University of Massachusetts Amherst

School of Public Health and Health Sciences

ALUMNI PROFILES

Todd Schettini MPH (Graduated in May 2008)
Product consultant for an Oncology Division of a pharmaceutical company


 

Hello!  My name is Todd Schettini and I current work as a product consultant for an Oncology Division of a pharmaceutical company.  In my free time, I also volunteer as the Health & Safety Officer at my local ambulance corps and serve on a FEMA disaster medical team that has been deployed in times of national disasters.  In 2006, I received my Masters of Science in Health Sciences from the University of Medicine and Dentistry of New Jersey, with a concentration in Disease Management.  This master’s degree experience helped solidify my resolve to earn an MPH degree.  After searching though and comparing many MPH programs, I came to decide on the MPH in Public Health Practice from UMASS-Amherst.  In May of 2008, I was conferred this MPH degree from UMASS-Amherst.  I use the information I gained from my MPH in various capacities through my work day.  My company sponsors many goodwill programs (i.e. global health fellowships) in both domestic and foreign populations throughout the world to help promote health, health literacy and health-based systems.  With my MPH, I have now completed the criteria for fellowship and will be applying to program

I decided to go for my MPH due to large problems that arose from my work experiences from the pharmaceutical sector, the ambulance, disaster response work, and from systematic health inefficiencies uncovered from my initial master’s degree.  The MPH degree seemed to embody my realization that while helping individuals live healthy lives at the local level is an important task, if you can make changes further up stream in the public health cascade, you can reach and impact more people.  Prevention will be playing a large part of future population and individual health.  Thus best practices for disease management, patient/healthcare provider education and other important health benefits need to be optimized and far reaching.  The MPH degree is an excellent opportunity to gain better understanding and perspective on how to operationalize change at this population level.  It also allows streamlined prevention and health benefits to reach more people than would be capable on a disorganized individual level.   I wanted to help on a greater level than simply treating an individual patient on my ambulance, I wanted to go further to improve health and maximize resource utility on a larger scale.  

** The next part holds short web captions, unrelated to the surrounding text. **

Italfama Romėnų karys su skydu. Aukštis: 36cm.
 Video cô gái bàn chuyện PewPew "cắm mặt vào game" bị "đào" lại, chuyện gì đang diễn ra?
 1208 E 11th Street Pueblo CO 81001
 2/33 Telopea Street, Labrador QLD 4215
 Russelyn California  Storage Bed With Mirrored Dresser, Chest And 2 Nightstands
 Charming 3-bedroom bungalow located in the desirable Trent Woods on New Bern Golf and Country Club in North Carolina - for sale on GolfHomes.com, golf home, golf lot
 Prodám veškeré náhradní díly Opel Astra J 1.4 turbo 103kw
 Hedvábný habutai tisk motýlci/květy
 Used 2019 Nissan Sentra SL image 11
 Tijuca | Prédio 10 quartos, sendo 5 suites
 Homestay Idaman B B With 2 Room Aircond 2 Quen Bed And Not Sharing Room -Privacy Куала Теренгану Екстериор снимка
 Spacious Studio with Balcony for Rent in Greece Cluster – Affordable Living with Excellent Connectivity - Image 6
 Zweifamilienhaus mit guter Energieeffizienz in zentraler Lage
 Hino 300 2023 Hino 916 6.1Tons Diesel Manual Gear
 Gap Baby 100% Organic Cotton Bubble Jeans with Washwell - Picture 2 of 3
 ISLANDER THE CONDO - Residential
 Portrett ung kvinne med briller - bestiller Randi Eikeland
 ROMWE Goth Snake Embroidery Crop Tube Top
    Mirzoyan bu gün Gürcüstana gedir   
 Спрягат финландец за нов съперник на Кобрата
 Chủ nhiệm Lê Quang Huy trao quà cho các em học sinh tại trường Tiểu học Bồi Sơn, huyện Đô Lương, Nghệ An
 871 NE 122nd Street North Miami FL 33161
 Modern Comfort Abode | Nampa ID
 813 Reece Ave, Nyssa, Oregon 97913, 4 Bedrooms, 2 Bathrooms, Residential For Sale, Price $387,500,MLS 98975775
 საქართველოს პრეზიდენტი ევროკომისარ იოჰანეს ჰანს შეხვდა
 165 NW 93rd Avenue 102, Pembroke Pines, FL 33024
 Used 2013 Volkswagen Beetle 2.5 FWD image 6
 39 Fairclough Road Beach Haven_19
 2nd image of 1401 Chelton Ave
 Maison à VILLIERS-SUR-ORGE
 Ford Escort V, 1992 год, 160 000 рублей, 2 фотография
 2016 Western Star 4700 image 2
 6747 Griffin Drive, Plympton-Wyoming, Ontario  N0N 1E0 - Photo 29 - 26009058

The Public Health Practice (PHP) degree courses were helpful to me as the MPH core provide me with the fundamental knowledge to establish my public health critical thinking abilities.  While I was interested in public health, I was used to an individual and medical approach to health.  Population-based thinking is different from individual-based decision making.   The Core helped indoctrinate (without overwhelming me) me and broaden my horizontal thinking about public health programs and systems level thinking.  Other required courses help further guided my development of the public health practice mindset for problem solving.   I think that some of the elective courses were phenomenal and the material always tied into current events going on in the world and US.  This made learning more focused and insightful as you were able to apply course concepts and models to current domestic or global problems.  One other strength is that we had perspectives from MPH students all over the world in our classes.  This turned out to be an extremely important feature because you are able to hear first hand how different countries (developed and developing) try to address similar problems with various strategies, resources and outcomes.  There were many different opinions introduced during PHP courses and they were all respected, debated and evaluated providing a rich learning experience.  It takes a provocative MPH degree program like this one to make you realize how much in life you really don’t know, even when you think you do.

The MPH has already lead to improvement in how I manage my health and safety duties, appropriate consideration of population needs on disaster deployment, and even public service at my current employer.  You can get a degree anywhere, but the true testament to a school is if they can provide you with an education.  The MPH degree I earned here enabled me to gain a well rounded social and academic education while expanding my critical thinking, communication and problem solving skills.  The degree also helped me to become a team player, as Public Health is such a wide reaching discipline you will become the “jack of all trades” and have to work seamlessly with other departments, organizations, governments and populations to make any initiatives you undertake a success.  Lessons learned from this MPH degree can be applied to almost any career.  In fact, I recently took another UMASS-Amherst PHP course this past Spring due to the relevance it had for my job.

The flexibility to not apply right away and take up two courses as a pre-matriculate was extremely beneficial.  I was able to decide if I liked the program style, delivery and content before I fully committed to applying and matriculating to the program.  I liked having that flexibility as it helped reaffirm that I was making the right decision and was not pressured to start a matriculation or application process.  While the timing of assignments and collaborative assignments were structured, the course selections allowed for a realistic balance of work-life-school demands.  I highly recommend using the program coordinator MaryBeth Lizek for information about the program, course selection or just about anything else.  She was able to balance left and right brain course work for me and helped make my program experience enjoyable.  I am in the process of looking into Doctoral programs in either Public Health/Epidemiology or Pharmacy due to my experiences from this MPH program.

Pictured above is Margaret McCarthy, President RHO Chapter of the Delta Omega Honor Society with Todd was chosen as an inductee into the Delta Omega Honor Society due to his academic excellence and demonstration of qualities of leadership in public health.